• [What you will do]: Return, word for word, every entry in the listing below, but not its images.

• [Provided data]:
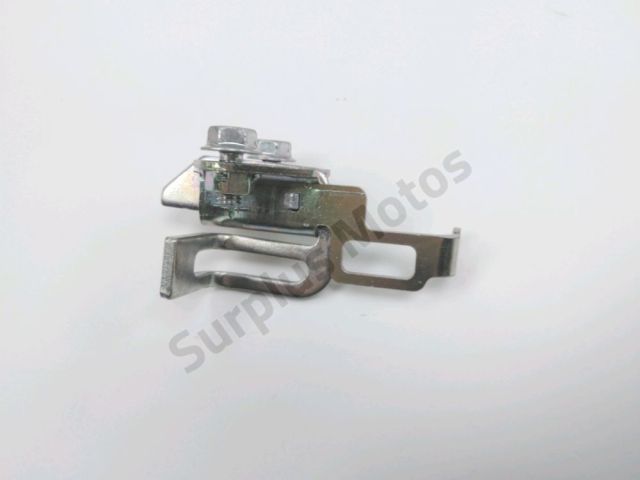 Mecanisme occasion SUZUKI GSX-R 125 2020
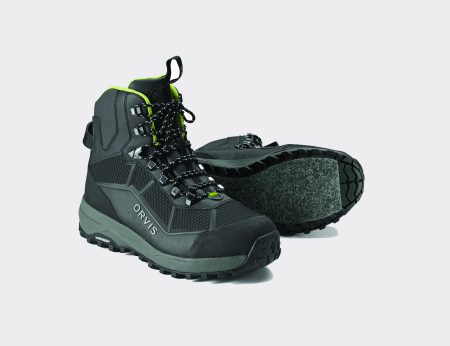 PRO Hybrid Wading Boots, Wading Boots, Fly Fishing Boots, Orvis Wading Boots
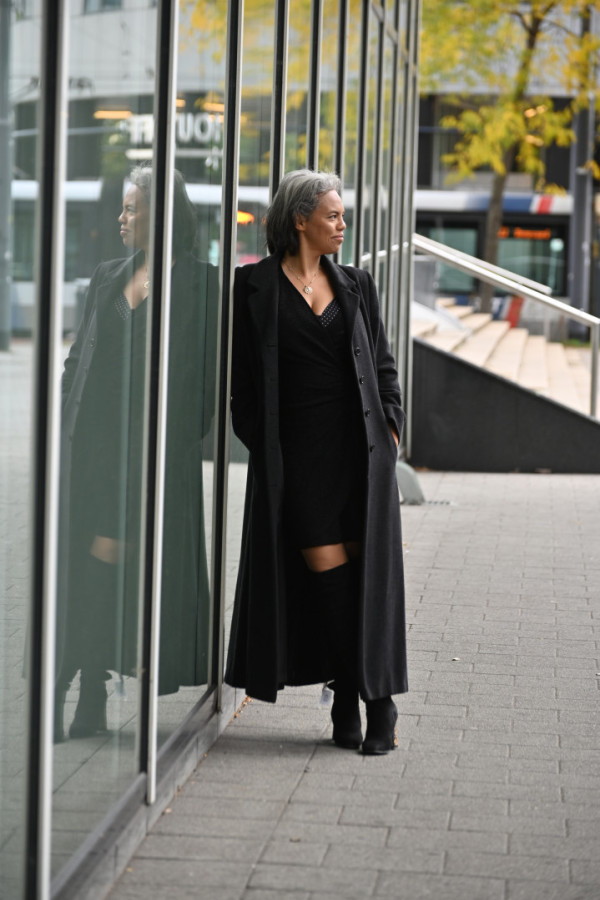 Bullet Models model ID: 20567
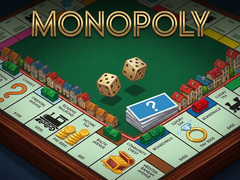 게임 Monopoly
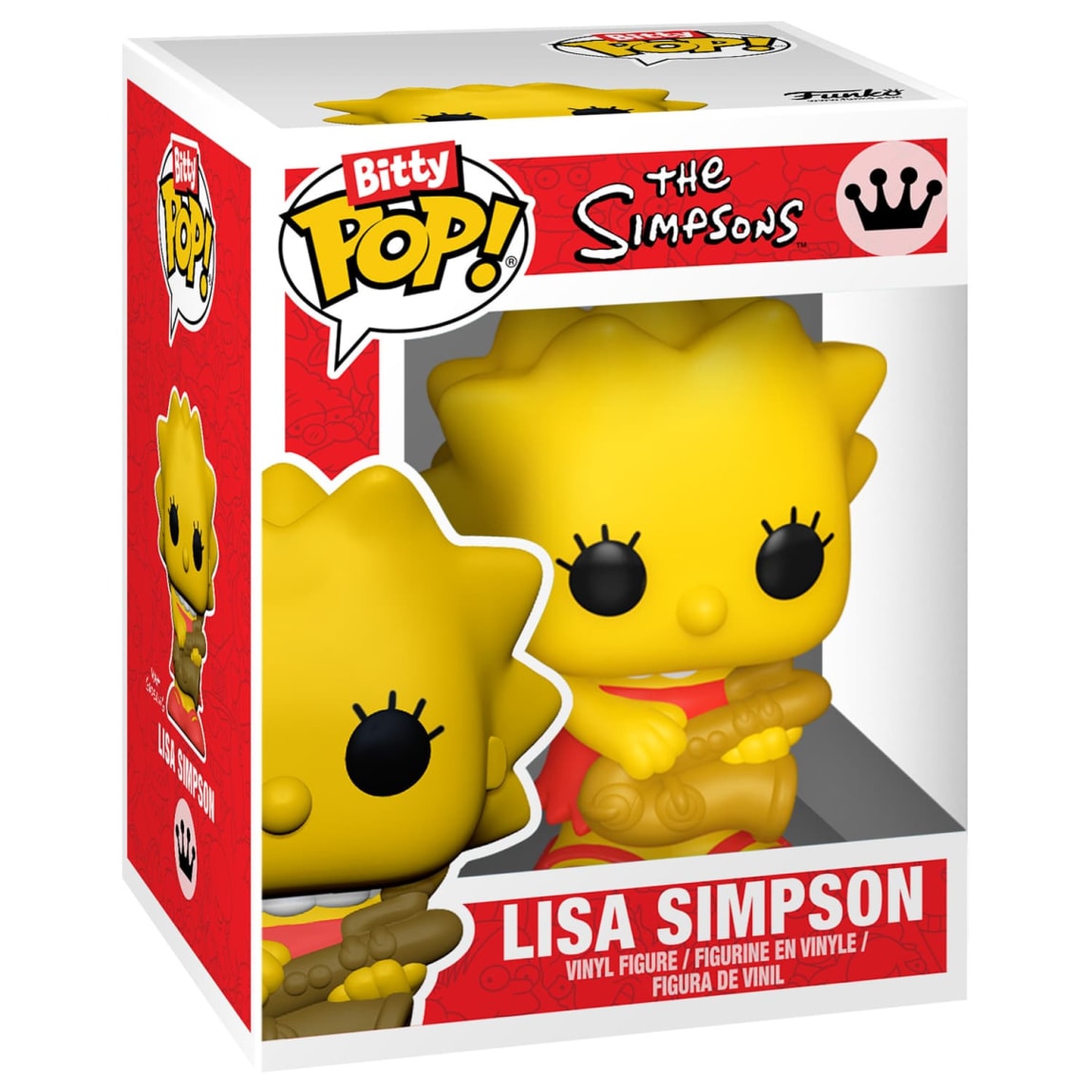 421372-4pk-simpsons-bitty-pop-lisa
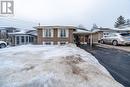 19 Valery Court, Hamilton, ON  - Outdoor 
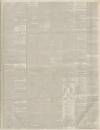 Carlisle Journal Friday 17 September 1852 Page 3
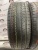 Viatti Bosco A/T  R16 215/65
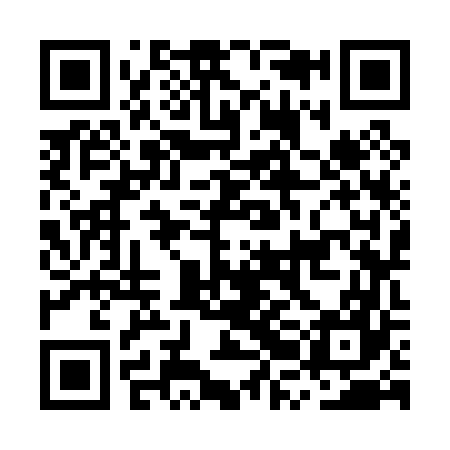 QR code for MRK067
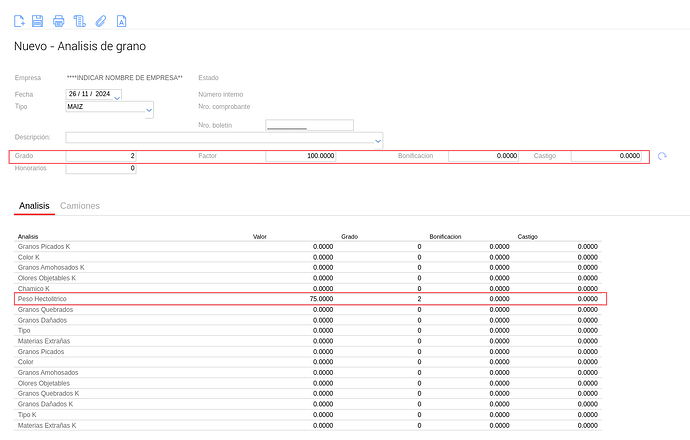 |557x355.38121458599903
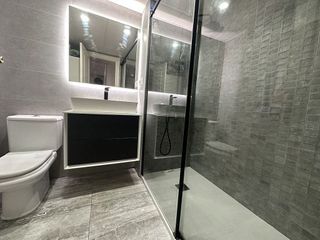 Piso en venta en Lomas de Marbella Club - Puente Romano en Marbella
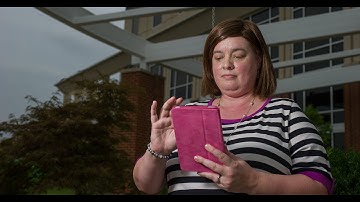 MyJourney Compass Improves the Cancer Survivorship Experience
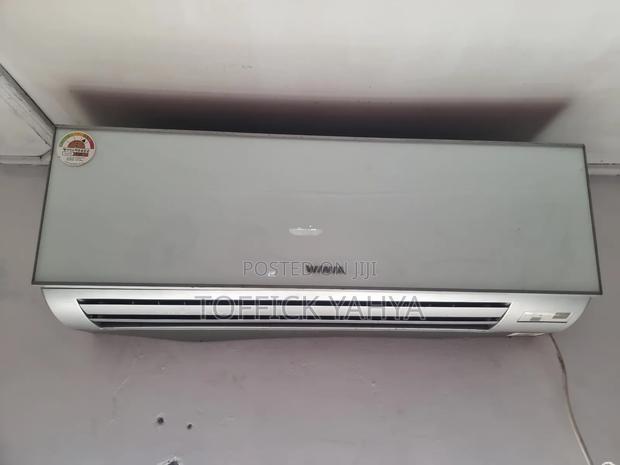 Winia Air Conditioning photo 2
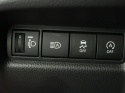 Toyota Aygo X - 1.0 VVT-i S-CVT Pulse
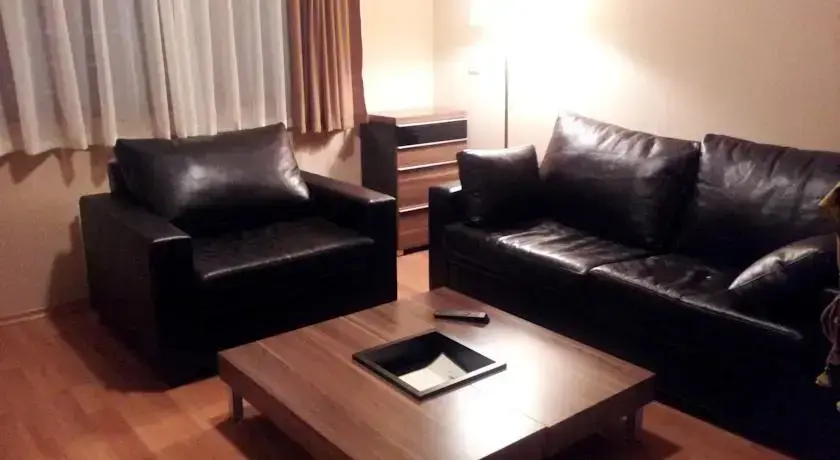 Банско: Apartment Pere Toshev Bansko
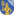 Wappen Herrschaft Rallerau.png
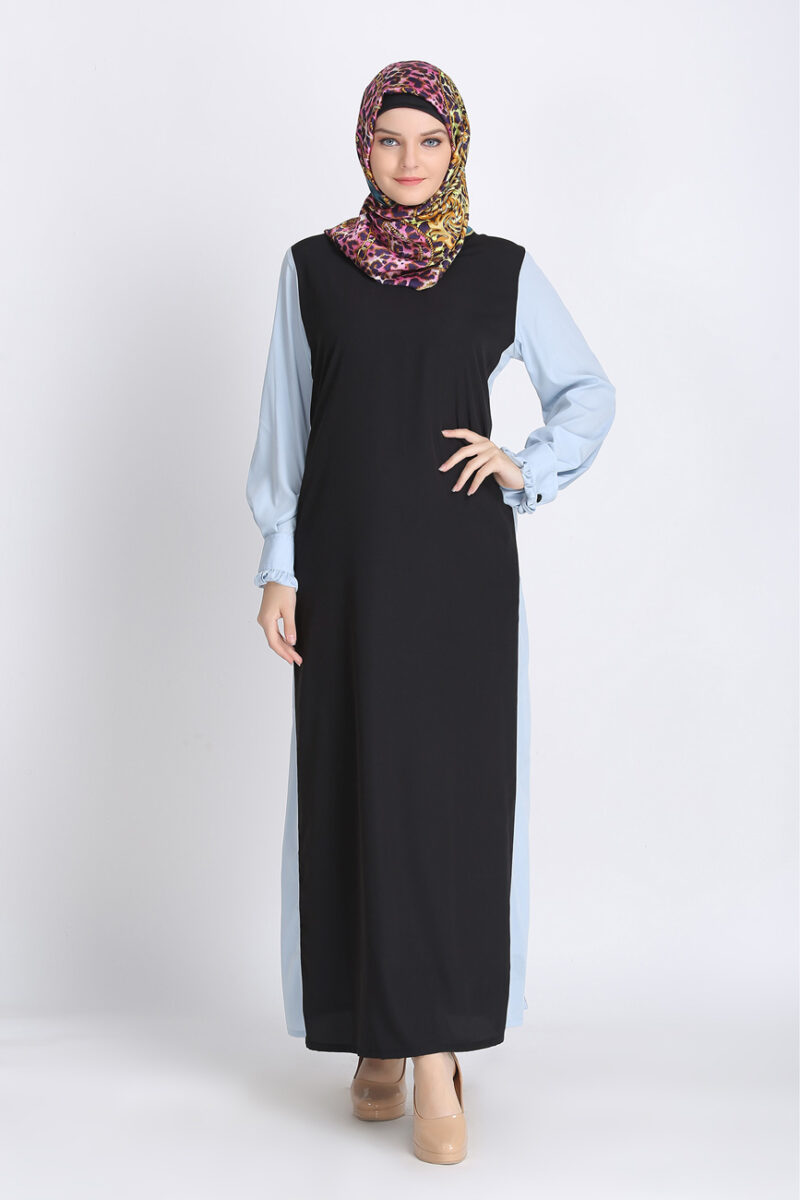 samira-skyblue-muslimabaya.html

• [Solved exercise]:
 Mecanisme occasion SUZUKI GSX-R 125 2020
 PRO Hybrid Wading Boots, Wading Boots, Fly Fishing Boots, Orvis Wading Boots
 Bullet Models model ID: 20567
 게임 Monopoly
 421372-4pk-simpsons-bitty-pop-lisa
 19 Valery Court, Hamilton, ON  - Outdoor 
 Carlisle Journal Friday 17 September 1852 Page 3
 Viatti Bosco A/T  R16 215/65
 QR code for MRK067
 |557x355.38121458599903
 Piso en venta en Lomas de Marbella Club - Puente Romano en Marbella
 MyJourney Compass Improves the Cancer Survivorship Experience
 Winia Air Conditioning photo 2
 Toyota Aygo X - 1.0 VVT-i S-CVT Pulse
 Банско: Apartment Pere Toshev Bansko
 Wappen Herrschaft Rallerau.png
 samira-skyblue-muslimabaya.html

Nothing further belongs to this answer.